The number of drug offenders rose sharply in the first 11 months of last year, mainly because of a sentence commutation program implemented in the second half of 2007, the Ministry of the Interior (MOI) said yesterday.
Ministry statistics showed that between January and November, courts convicted 37,700 people of narcotics-related offenses, up 52.1 percent from the same period in 2007.
The figures also show that 86.9 percent of the convicts were repeat offenders who had been released under the 2007 commutation program.
Ministry officials said the public prosecutors offices received 78,877 new narcotics-related cases for investigation in the first 11 months last year, down 2.7 percent from the same period of 2007, and that 89.2 percent of the cases were related to substance abuse.
They added that in January and February last year, police handled 49,928 offenses against the Narcotics Endangerment Prevention Act (毒品危害防制條例), an increase of 2 percent over the same period in 2007, and that 64 percent of the offenses were related to heroin and opium — restricted Class A drugs.
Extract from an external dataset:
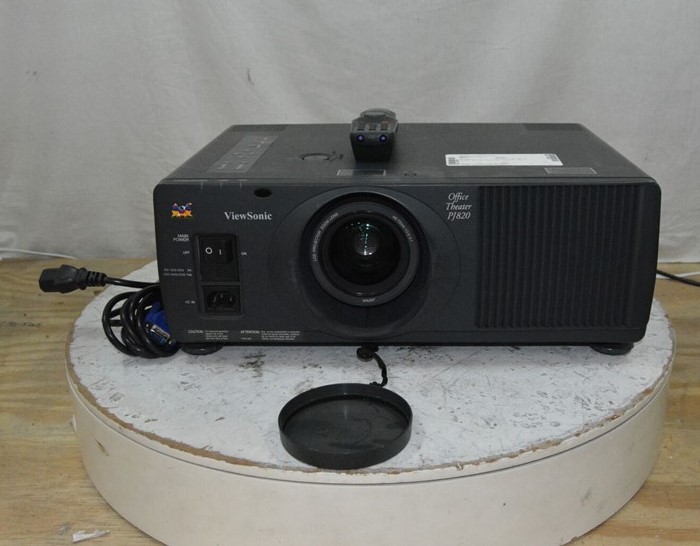 ViewSonic Office Theater PJ820 VPRJ21357-2M Projector
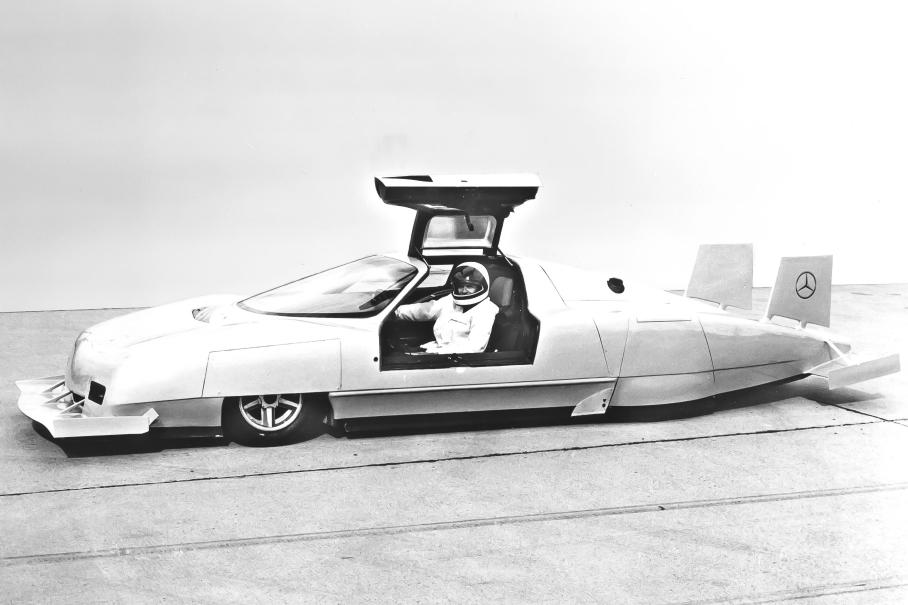 Mercedes-Benz C111-IV перед очередным рекордным заездом, 1979 год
Also in the 11-month period, police detained 53,325 drug abuse suspects, a rise of 1.3 percent over the same period in 2007. Of the total, 86 percent were male and 91.5 percent were graduates of either junior high schools, senior high schools or vocational schools.
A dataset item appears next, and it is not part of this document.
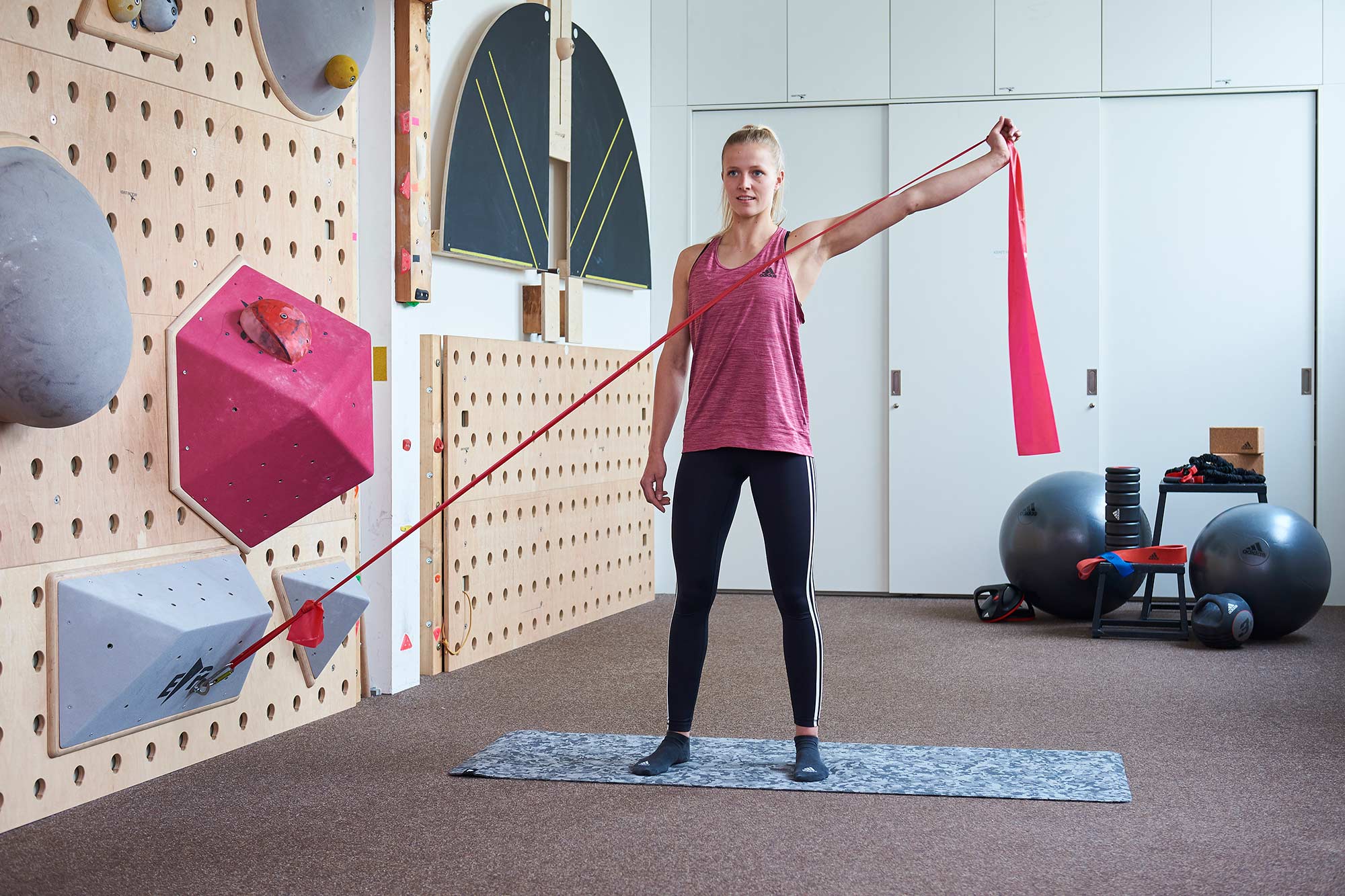 Übung mit Theraband für Kletterer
Under the 2007 sentence commutation program, former president Chen Shui-bian (陳水扁) ordered the release of 25,670 prisoners as part of the commemoration of the 20th anniversary of the end of 38 years of martial law. Of the first group of 10,943 inmates released on July 16, 2007, 4,973 were convicted under the narcotics control act, and many were drug addicts who were still undergoing rehabilitation.
Within two weeks of their release, more than 20 of them had died of drug overdoses, news reports said.